Notice: The reproducibility variables underlying each score are classified using an automated LLM-based pipeline, validated against a manually labeled dataset. LLM-based classification introduces uncertainty and potential bias; scores should be interpreted as estimates. Full accuracy metrics and methodology are described in [1].
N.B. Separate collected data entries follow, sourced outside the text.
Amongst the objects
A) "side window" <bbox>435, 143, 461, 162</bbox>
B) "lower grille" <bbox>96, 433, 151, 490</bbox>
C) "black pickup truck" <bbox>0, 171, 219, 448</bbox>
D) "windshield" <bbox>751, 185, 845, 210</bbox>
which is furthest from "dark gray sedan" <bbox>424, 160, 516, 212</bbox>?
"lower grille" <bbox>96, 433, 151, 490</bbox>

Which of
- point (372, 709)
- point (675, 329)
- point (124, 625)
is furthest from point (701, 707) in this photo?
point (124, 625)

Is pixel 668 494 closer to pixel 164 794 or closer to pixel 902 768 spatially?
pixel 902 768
Continuous Control with Action Quantization from Demonstrations

Authors: Robert Dadashi, Léonard Hussenot, Damien Vincent, Sertan Girgin, Anton Raichuk, Matthieu Geist, Olivier Pietquin

ICML 2022 | Venue PDF | LLM Run Details

Reproducibility Variable Result LLM Response
Research Type Experimental We empirically evaluate this discretization strategy on three downstream task setups: Reinforcement Learning with demonstrations, Reinforcement Learning with play data (demonstrations of a human playing in an environment but not solving any specific task), and Imitation Learning.
Researcher Affiliation Collaboration 1Google Research, Brain Team 2Univ. de Lille, CNRS, Inria Scool, UMR 9189 CRISt AL.
Pseudocode No The paper does not contain any explicitly labeled 'Pseudocode' or 'Algorithm' blocks.
Open Source Code Yes and make the code available: https://github.com/ google-research/google-research/ tree/master/aquadem.
Open Datasets Yes We consider the Adroit tasks (Rajeswaran et al., 2017) represented in Figure 11, for which human demonstrations are available (25 episodes acquired using a virtual reality system). ... We consider the Robodesk tasks (Kannan et al., 2021) shown in Figure 11, for which we acquired play data. ... We evaluate the resulting algorithm on the D4RL locomotion tasks and provide performance against state-of-the-art offline RL algorithms.
Dataset Splits No The paper describes training on environment interactions and evaluating on episodes, but it does not specify explicit dataset splits (e.g., percentages or counts) specifically designated for 'validation' purposes from a fixed dataset.
Hardware Specification No The paper does not explicitly describe the specific hardware (e.g., GPU/CPU models, memory) used for running its experiments.
Software Dependencies No The paper mentions that the 'implementation is from Acme (Hoffman et al., 2020)' but does not provide specific version numbers for Acme or other key software dependencies like PyTorch or TensorFlow.
Experiment Setup Yes For all experiments, we detail the networks architectures, hyperparameters search, and training procedures in the Appendix and we provide videos of all the agents trained in the website. ... Table 3. Hyperparameter sweep for the AQua DQN agent.